# Data supplied
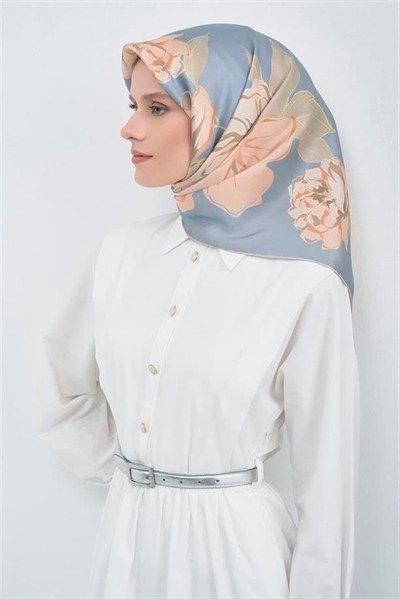 Armine İpek Eşarp 2026 Yaz - 9509-81 Mavi Somon Twill
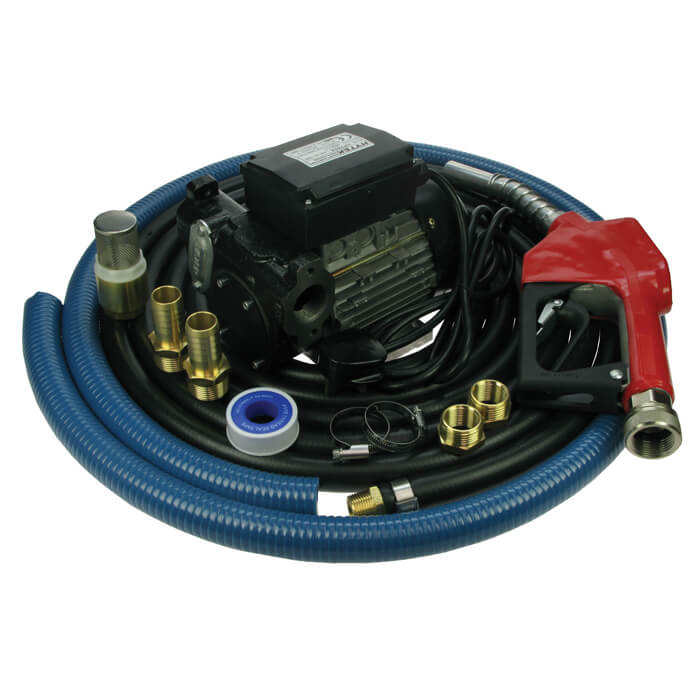 230V pump kit, 56L/min c/w 6m/2m hoses auto noz & fittings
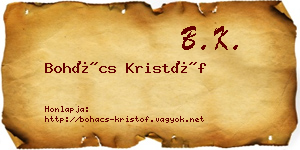 Bohács Kristóf névjegykártya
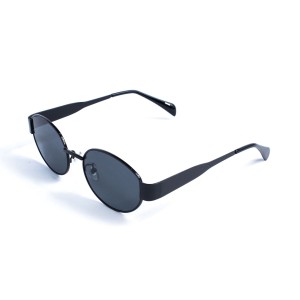 Унісекс сонцезахисні окуляри 13364 чорні з чорною лінзою 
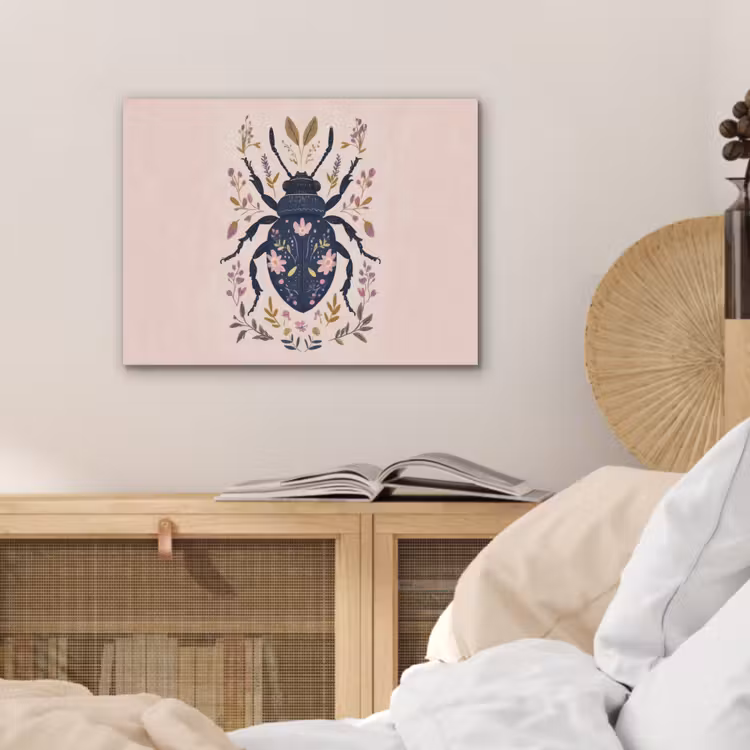 Donkerblauw - Kever - Bloemtakken - Sierlijk PET vilt klein -sfeer3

# Activity
In the material above, repeat each entry exactly and omit every picture.

# Output below
 Armine İpek Eşarp 2026 Yaz - 9509-81 Mavi Somon Twill
 230V pump kit, 56L/min c/w 6m/2m hoses auto noz & fittings
 Bohács Kristóf névjegykártya
 Унісекс сонцезахисні окуляри 13364 чорні з чорною лінзою 
 Donkerblauw - Kever - Bloemtakken - Sierlijk PET vilt klein -sfeer3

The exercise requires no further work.